January 4th, 1991 Friday Afternoon

My Teenage Angst. That is the title of this entry. Once again it returns to the boring and over-done topic of females. I haven’t seen Char in a very long time. We hardly talk or write although she still tries (harder than I). I am not saying that I am writing her off completely, but she is definitely out of the picture for a while. So in order to stay sane and get away from that smear on my past, I had been looking around.

Enter Angie. Not the whale-Angie, but a very cute little blond that I met at work. We just started talking and seemed to hit it off. I thought that she was at least as interested in me as I was in her. So we talked at work, laughed and I got to like her. So one day after work when we were all drinking I invited her over. So she came over to Bob’s room and drank a little and flirted some (unfortunately it wasn’t with me!) but I could deal with it. Hell, I was getting sloshed.

Anyway, she left and with the urging from my drinking buddies (they threw me out after her!) I walked her home. So I went over to her room, and to make a long story short, I found out that she had (has?) a boyfriend. Of course. So Ken goes storming out the door with Angie calling out behind me. I was not pleased. I found her I.D. card on the stairs in Hickory and returned them on Wednesday.

I walked into her room and she was there with her roommate. She introduced me as her buddy. I was not pleased. She said she was just about to call me. Yeah, right. She had never called me before. Not once. So Ken walked out again. I don’t think I lead her to believe that we are on bad terms. The fact is I would rather not be on any terms with her. This has been the worst one so far. To be led on for a while and to get your hopes up that maybe there is someone for you. That’s part of my Teenage Angst.

About two hours ago I was going to give up altogether. But on the way to this lame-ass history class I saw another girl whom I have, at one point, liked. I can’t remember her name, but I met her at a party in here own room. I remember that she is from North Olmsted. Anyway, I intend to discover her name and then if I am smart, the every second thing I am going to ask her is if she has a boyfriend. She gave me a look right before class that could melt steel. But I’ll not be led on again, dammit!

As I mentioned above that was only Angst I, which would lead, logically, to at least an Angst II. I don’t know how much time I have left, but I might as well start in on it now. This has to do with work. Shit, out of time, I’ll try to pick this up in Calc or Bio. Maybe not. OK, he psyched me out. Maybe I should carry a watch since I haven’t written since I really started working. A bit of a review would be in order, but I don’t feel like it. I will rely on the amazing powers of my memory to fill in the vague or fuzzy events which I do not fully describe here.
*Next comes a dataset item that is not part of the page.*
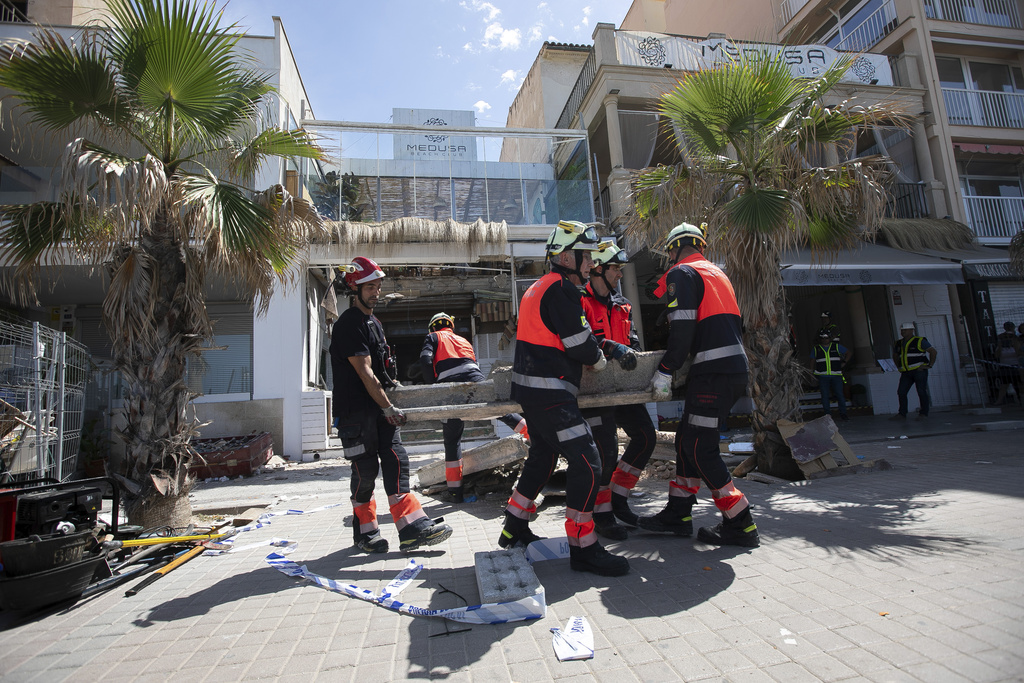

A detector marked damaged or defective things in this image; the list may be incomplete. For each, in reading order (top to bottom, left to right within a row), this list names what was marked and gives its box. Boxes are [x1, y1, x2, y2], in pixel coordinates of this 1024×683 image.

In mid-December when Bob and I took off to Tenn. for a while, Brad and Rhea did the do. As I understand it, it was kind of a first night together type thing. So, naturally, Rhea got hung up over Brad. Brad, I have always said and even he himself would probably not rebuke it, is the male version of Kara. Hell, I had him and Kara pegged to hit it off, but somehow she got involved with Brad. Things digressed until New Years Eve.

A friend of Brad’s was having a party. Bob, Dan, Rick, Rhea, Kara, Brad, terry, Linda, Leslie and about six or eight other people, including myself attended. I had a very good time. Rhea didn’t. She did three shots of tequila and puked all over the bathroom. I was called to the bathroom. I got her in bed and she wanted to take her pants off so, off they went. I let her pass out and went out to drink a bit more champaign with my Boss. When I couldn’t stay awake any longer I went in and crashed next to Rhea on the bed.

When I awoke Rhea was on the floor next to Brad and her cloths were scattered around the room. Perhaps they were like that from the night before. I cannot remember. I do remember warning Rhea about Brad because of what I had overheard (probably on purpose) in a conversation between Sheila and Brad. Gotta run.